:: WORK ORDER ::
Could you copy out every line of the data where the word "Thumbnail" occurs?

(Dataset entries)
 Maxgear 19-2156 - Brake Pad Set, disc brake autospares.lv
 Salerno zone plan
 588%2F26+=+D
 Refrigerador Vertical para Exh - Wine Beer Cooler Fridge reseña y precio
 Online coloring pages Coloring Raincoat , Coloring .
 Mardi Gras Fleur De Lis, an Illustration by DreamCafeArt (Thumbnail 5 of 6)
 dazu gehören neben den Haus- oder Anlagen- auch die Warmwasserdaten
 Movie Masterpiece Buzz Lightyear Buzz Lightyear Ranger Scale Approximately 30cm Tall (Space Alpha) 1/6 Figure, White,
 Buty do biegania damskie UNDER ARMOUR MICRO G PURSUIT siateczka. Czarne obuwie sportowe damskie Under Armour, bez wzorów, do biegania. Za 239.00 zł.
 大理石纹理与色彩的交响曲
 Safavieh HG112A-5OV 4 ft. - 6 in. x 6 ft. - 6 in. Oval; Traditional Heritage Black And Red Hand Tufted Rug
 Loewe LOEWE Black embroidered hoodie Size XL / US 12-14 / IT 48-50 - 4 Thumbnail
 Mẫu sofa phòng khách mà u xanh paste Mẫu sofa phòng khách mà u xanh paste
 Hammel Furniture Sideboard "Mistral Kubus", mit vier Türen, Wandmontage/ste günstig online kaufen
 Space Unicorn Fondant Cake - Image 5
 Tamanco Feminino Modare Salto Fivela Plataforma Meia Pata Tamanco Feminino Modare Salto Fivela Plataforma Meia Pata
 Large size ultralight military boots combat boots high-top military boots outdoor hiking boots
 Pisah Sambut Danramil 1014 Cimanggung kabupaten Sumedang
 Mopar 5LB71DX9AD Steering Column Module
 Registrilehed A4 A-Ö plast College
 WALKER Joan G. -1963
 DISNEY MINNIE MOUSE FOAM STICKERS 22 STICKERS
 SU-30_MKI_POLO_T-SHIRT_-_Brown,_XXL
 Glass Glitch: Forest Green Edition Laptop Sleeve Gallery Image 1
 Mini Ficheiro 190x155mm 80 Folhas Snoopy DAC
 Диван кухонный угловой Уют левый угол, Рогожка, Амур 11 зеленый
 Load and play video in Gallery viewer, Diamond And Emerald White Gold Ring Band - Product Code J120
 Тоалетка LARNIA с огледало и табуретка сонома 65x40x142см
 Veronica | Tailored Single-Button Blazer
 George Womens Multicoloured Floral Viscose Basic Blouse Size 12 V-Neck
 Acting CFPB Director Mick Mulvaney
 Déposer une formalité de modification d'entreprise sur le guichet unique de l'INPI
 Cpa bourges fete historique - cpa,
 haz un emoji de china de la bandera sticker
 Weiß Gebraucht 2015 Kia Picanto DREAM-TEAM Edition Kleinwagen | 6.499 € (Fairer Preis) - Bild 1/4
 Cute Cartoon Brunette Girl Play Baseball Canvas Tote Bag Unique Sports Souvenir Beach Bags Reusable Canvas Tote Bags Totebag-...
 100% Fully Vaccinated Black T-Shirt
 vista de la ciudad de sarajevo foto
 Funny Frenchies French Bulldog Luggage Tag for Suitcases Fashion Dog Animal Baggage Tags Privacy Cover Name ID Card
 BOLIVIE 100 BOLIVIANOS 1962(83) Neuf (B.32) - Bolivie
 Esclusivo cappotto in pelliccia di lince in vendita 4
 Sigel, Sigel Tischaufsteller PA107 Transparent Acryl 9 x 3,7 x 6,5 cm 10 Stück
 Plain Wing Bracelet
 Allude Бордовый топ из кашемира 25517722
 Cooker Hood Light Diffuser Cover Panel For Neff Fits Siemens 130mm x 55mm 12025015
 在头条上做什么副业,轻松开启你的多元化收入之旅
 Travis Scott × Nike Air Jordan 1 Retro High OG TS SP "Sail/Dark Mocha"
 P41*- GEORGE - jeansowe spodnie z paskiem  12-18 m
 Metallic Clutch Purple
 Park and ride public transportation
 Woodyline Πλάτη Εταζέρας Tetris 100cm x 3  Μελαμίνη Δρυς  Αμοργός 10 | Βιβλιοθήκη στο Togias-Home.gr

:: ANSWER BOX ::
 Mardi Gras Fleur De Lis, an Illustration by DreamCafeArt (Thumbnail 5 of 6)
 Loewe LOEWE Black embroidered hoodie Size XL / US 12-14 / IT 48-50 - 4 Thumbnail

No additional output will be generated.